I thought of this joy in life often throughout Daniel Kreizberg's emotionally immersive eight-minute animated short anyone lived in a pretty how town, a film inspired by the words of e.e. cummings and a film brought vividly to life by animation that feels as if we've surrendered and surrendered and surrendered again. 

We begin our journey in a wintry town square, one man's joy somehow radiating in this square where he is surrounded by others distracted by technology and themselves, alienation and a lack of awareness of the wonder that surrounds them. 

This man is anyone. There is a woman, no one, who takes delightful in his joy and whose sense of surrender complements his almost otherworldly glow. 

Indeed, anyone lived in a pretty how town is a simple yet emotionally resonant film that will touch all who surrender to it. Its color palette bathes us in this cinematic tapestry. Its language, the language of Cummings, resonates and is brought warmly and lovingly to life by the late Jane Goodall. 

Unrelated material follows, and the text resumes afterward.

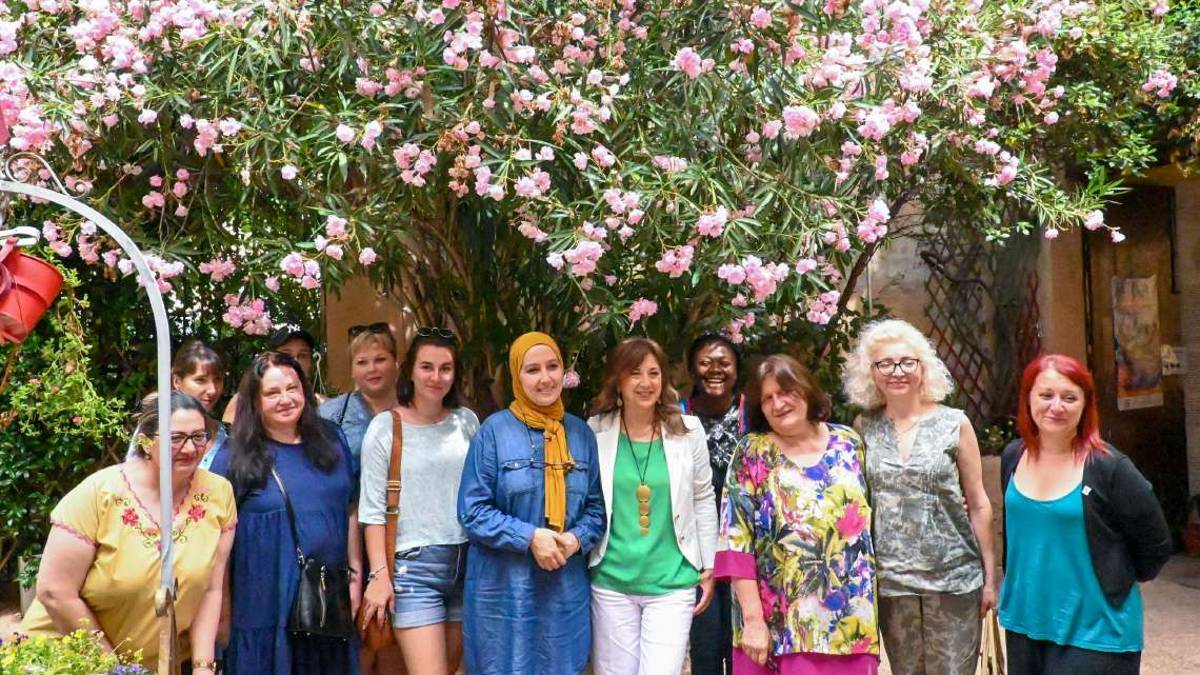 Trama di terre e Teapak sostengono le donne accolgono profughe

One can easily see why Goodall was so completely drawn to this short film and the story it tells. 

Kreizberg directs as if he knows he has magic here, a personification of warmth bringing to life words that have lingered in our hearts and minds for decades. If there is a great achievement for anyone lived in a pretty how town, it's that Kreizberg has given us visual imagery to help us manifest in our hearts these words. 

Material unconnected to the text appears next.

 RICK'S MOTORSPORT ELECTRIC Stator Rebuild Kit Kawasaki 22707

The love is real. The tenderness is palpable. 

On an equally touching note, the music featured in the short film is that of the late Yakov Kreizberg, the filmmaker's own father and a renowned conductor whose life of beautiful music ends with this magnificent work weaving together of our loneliness, reaching out, connection, and love. 

Continuing on its indie fest journey, anyone lived in a pretty how town is a film destined to linger in the heart and in the mind long after the closing credits have scrolled by and the theater lights have been brought up. If you get a chance to check it out, I most assuredly recommend you do so.